(Material to process begins)

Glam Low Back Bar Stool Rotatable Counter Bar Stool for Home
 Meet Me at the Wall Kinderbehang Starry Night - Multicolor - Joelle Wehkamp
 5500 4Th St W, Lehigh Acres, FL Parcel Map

(Material to process ends)
(Material to process begins)

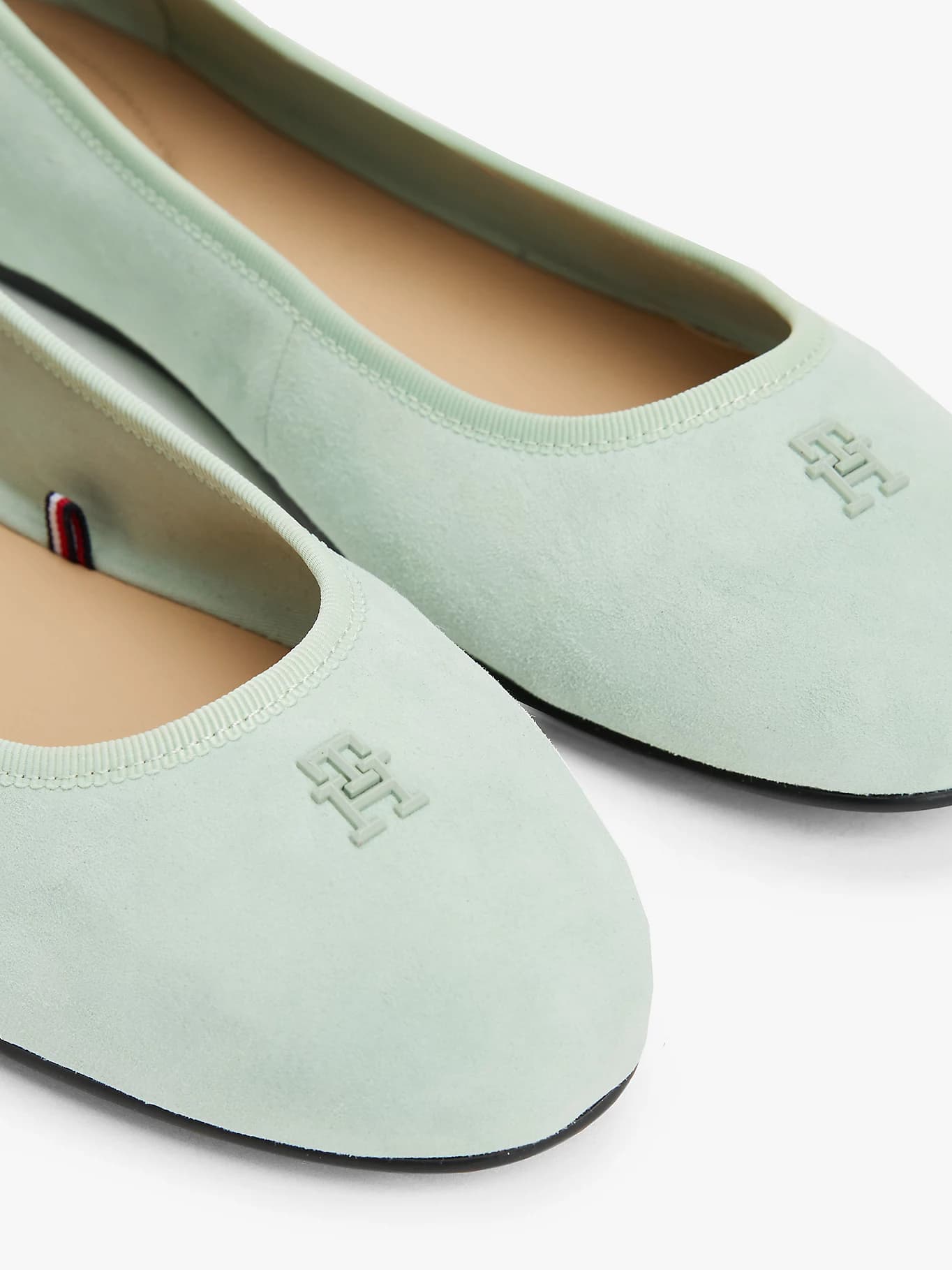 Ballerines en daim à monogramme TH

(Material to process ends)
(Material to process begins)

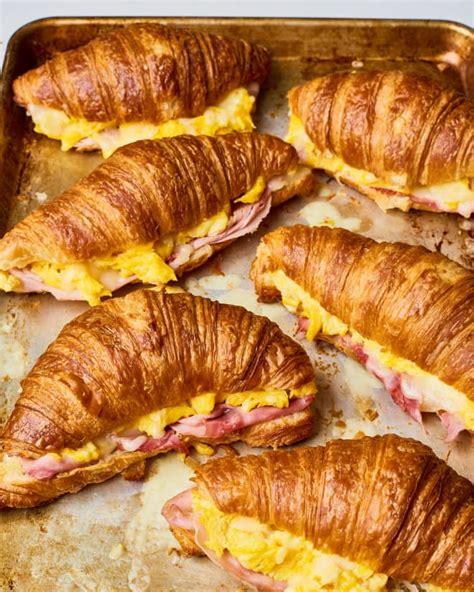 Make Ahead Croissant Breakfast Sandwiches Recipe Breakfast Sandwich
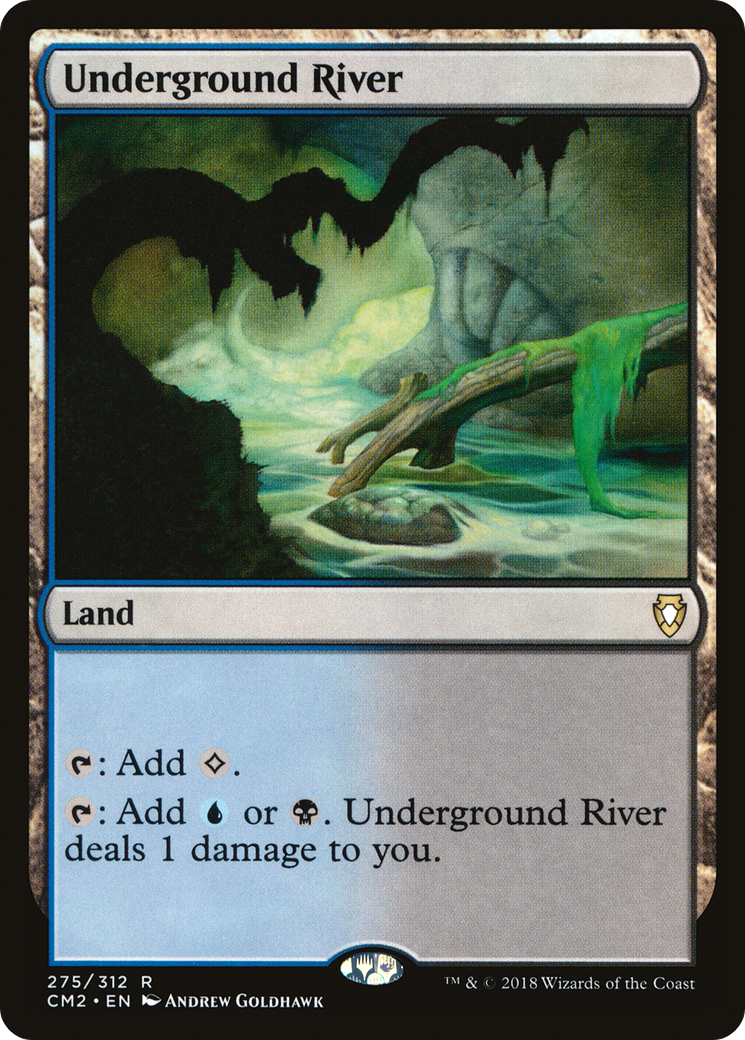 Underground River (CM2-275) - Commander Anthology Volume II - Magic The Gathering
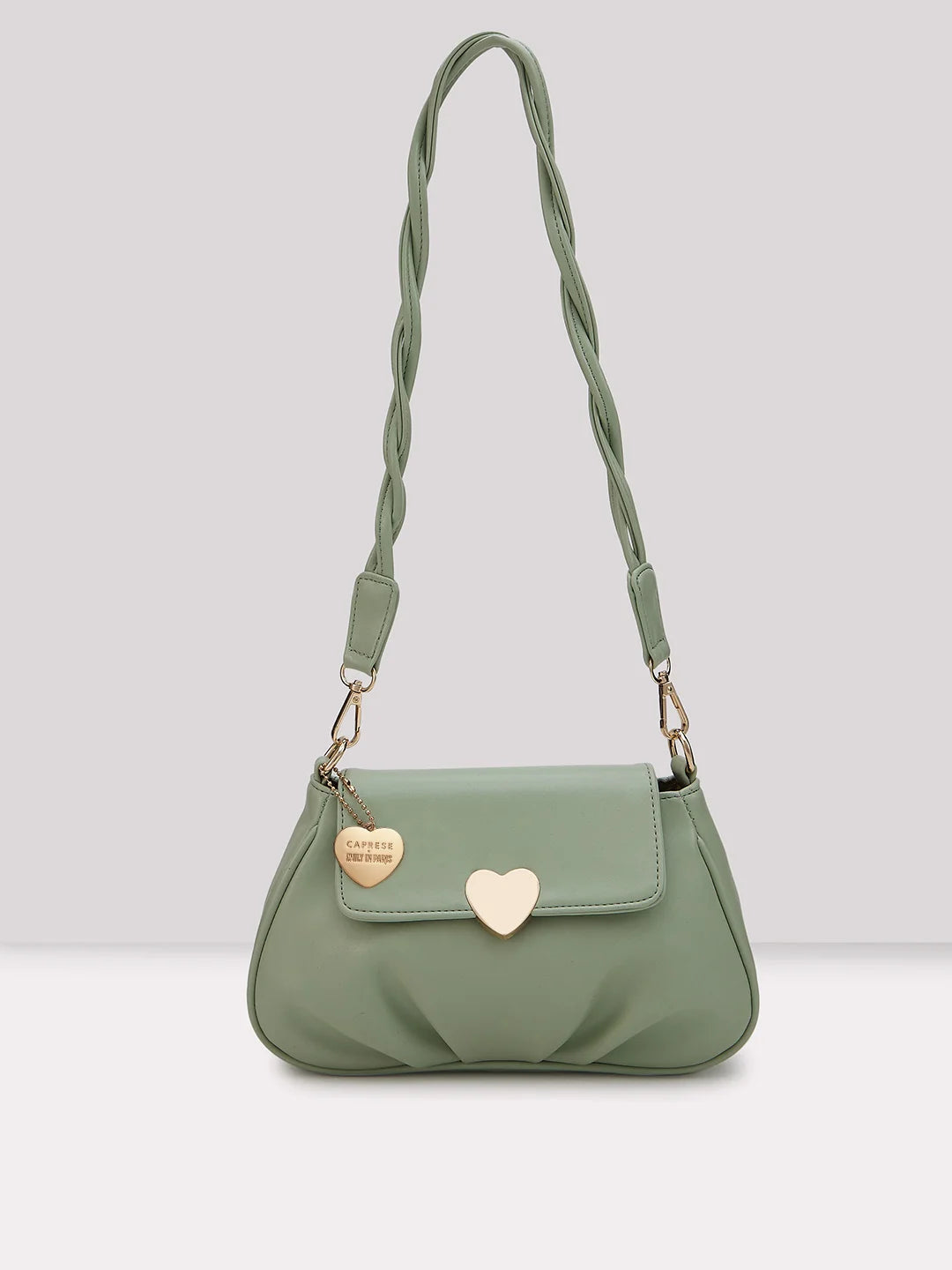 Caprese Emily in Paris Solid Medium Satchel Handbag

(Material to process ends)

→ Exercise details: In the data above, the stretch from the line with "Underground River (CM2-275)" through the line with "Caprese Emily in" is to be returned exactly, minus any pictures.

→ Written answer:
 Underground River (CM2-275) - Commander Anthology Volume II - Magic The Gathering
 Caprese Emily in Paris Solid Medium Satchel Handbag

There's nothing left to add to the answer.